It is not simply an esteemed history that has maintained the relevance of the Blake Prize. In the last ten years the Prize has seen a resurgent interest in its subject matter of religion, spirituality and human justice. Considered to be among the top art prizes in Australia, it is a showcase for creative ideas and innovative artists. One of the clear reasons for this renewed public profile has been the shift in the manner in which art engages everyday life. Art is no longer about beautiful objects of the education of taste. It is much more about the big ideas of ethics, politics and social relevance. The conversation that buzzes around the Blake Prize is not about religious figures from the past, current mass movements of peoples as a result of war, as well as the future of the environment amid climate change.
In 1951, the first Blake Prize exhibition presented a very different world. Following the Second World War, the suburbs were being built and the newly formed Blake Committee hoped artists would provide an Australian version of the abiding symbols that had got them through the war.

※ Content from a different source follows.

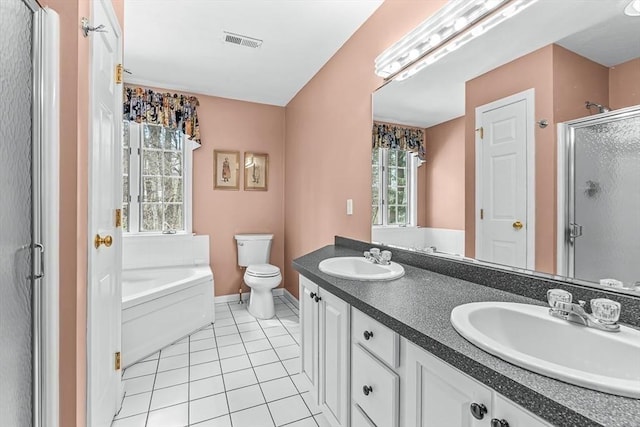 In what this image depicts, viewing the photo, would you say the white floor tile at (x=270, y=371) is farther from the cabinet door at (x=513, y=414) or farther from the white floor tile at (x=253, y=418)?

It was a time of new confidence in the possibilities of the future and religious images in Australian colours were needed to populate the horizon of prayer and prosperity. Arthur Boyd, Kevin Connor, Donald Friend, Elaine Haxton and the winner, Justin O’Brien provided new ways of seeing this tradition and the Blake became an annual exhibition. Within a few short years the Blake became a place for controversy as the tensions became apparent between familiar religious symbols and the search for innovation and relevance.
Through its more than sixty years of history, the Blake Prize has echoed the changing nature of the search for meaning found in art making. This history reflects the way artists have understood their role as both reflectors of values and challengers of the status quo. In some sense it was the genius of the Blake Committee and the later Blake Society to choose not to define what was understood by ‘religious art’. Despite ongoing pressure to introduce such definitions, this openness has enabled the Blake to grow and change alongside the differing ways in which spirituality has been understood. What matters most within this search is the question of what it means to be human, a question that is always under scrutiny and formation in contemporary society.
The Blake Prize provides an opportunity to visualise the more speculative questions around human experience and the horizon of hope. The Blake invites viewers to engage in a conversation about how to negotiate difference, how to learn from others who hold differing traditions, and how to create a dialogue that builds towards the common good. This is a conversation that values the social role of the artist as an imaginer of possibilities, a conjurer of hope, and a dismantler of idols. This makes the Blake Prize an exhibition of contemporary art that is consistently engaging, sometimes prickly, but always relevant to the big debates and questions of the culture we inhabit. Rev. Rod Pattenden Ex President of the Blake Society.